The Jebel Irhoud site in Morocco. Credit: Shannon McPherron/Nature.

The first members of our species, Homo Sapiens, evolved at least 300,000 years ago, the fossil remains of five individuals seem to suggest. This means humans first appeared at least 100,000 earlier than previously thought. Up until this news, the narrative was that humans first evolved in Eastern Africa some 200,000 years ago. The new discovery, however, shows that our story is far more complex than that. Instead, the evidence so far indicates there were multiple nexuses rather than a single Cradle of Mankind.

Composite reconstructions of the earliest know Homo sapiens. CREDIT: PHILIPP GUNZ, MPI EVA LEIPZIG
Composite reconstructions of the earliest know Homo sapiens. CREDIT: PHILIPP GUNZ, MPI EVA LEIPZIG

One lucky campfire

The 22 human fossils were excavated from northwest Morocco, in a barite mine at Jebel Irhoud some 60 kilometers from Marrakech. Not all of the fossils from this newly presented catalog are new. Many were collected during the 1960s but had been imprecisely dated to 40,000 years ago. But even then, the dating didn’t make sense to many scholars. Though the skulls were shaped such that their faces would have been indistinguishable from modern humans, the shape of braincase suggests they had a much more primitive brain.

Jean-Jacques Hublin of the Max Planck Institute for Evolutionary Anthropology in Germany visited Jebel Irhoud several times in the 80s and 90s only to officially resume excavations in 2004. Steadily, Hublin and colleagues began to find evidence of a different picture.

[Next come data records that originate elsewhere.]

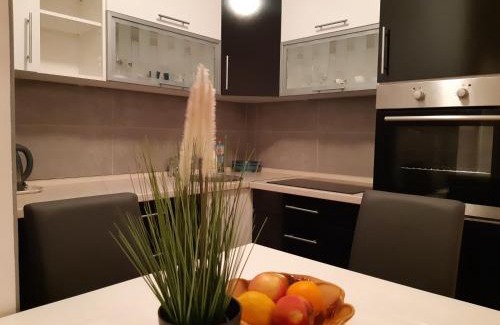 Banja Luka Apartment | Apartman DIJANA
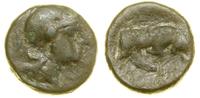 Grecja i posthellenistyczne, brąz, ok. 350–325 pne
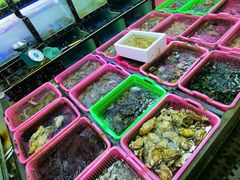 -众味海鲜大排档·活海鲜·潮汕味(南澳店)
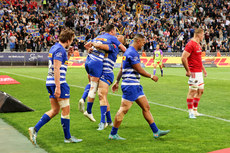 DHL Stormers celebrating winning the match 19/10/2024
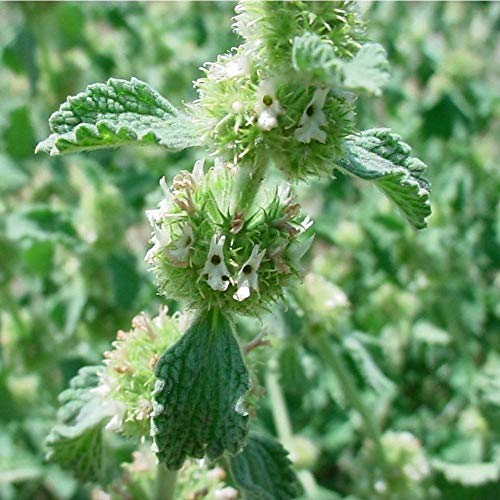 Earthcare Seeds White Horehound 100 Seeds (Marrubium vulgare) Non GMO - Heirloom - Perennial - Open Pollinated - Image 2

The cave is thought to have served as shelter for this band of early humans and others like them. Inside, excavators found flint tools that were fashioned into spear heads. The material from which they were made is believed to have been sourced 15 kilometers away from the cave.

In fact, it was a burned piece of flint that was responsible for the breakthrough. Using thermoluminescence dating, a determination based on the time elapsed since a crystalline material was either heated (lava, ceramics) or exposed to sunlight (sediments), the team was able to date the flint to about 300,000 years old. Gazelle and zebra bones suggest game was butchered and cooked inside the cave. They reported their findings in the journal Nature.

Max Planck Institute paleoanthropologist Jean-Jacques Hublin points at the eye orbits of a crushed human skull more than 300,000 years old. Credit: Shannon McPherron/Nature.
Max Planck Institute paleoanthropologist Jean-Jacques Hublin points at the eye orbits of a crushed human skull more than 300,000 years old. Credit: Shannon McPherron/Nature.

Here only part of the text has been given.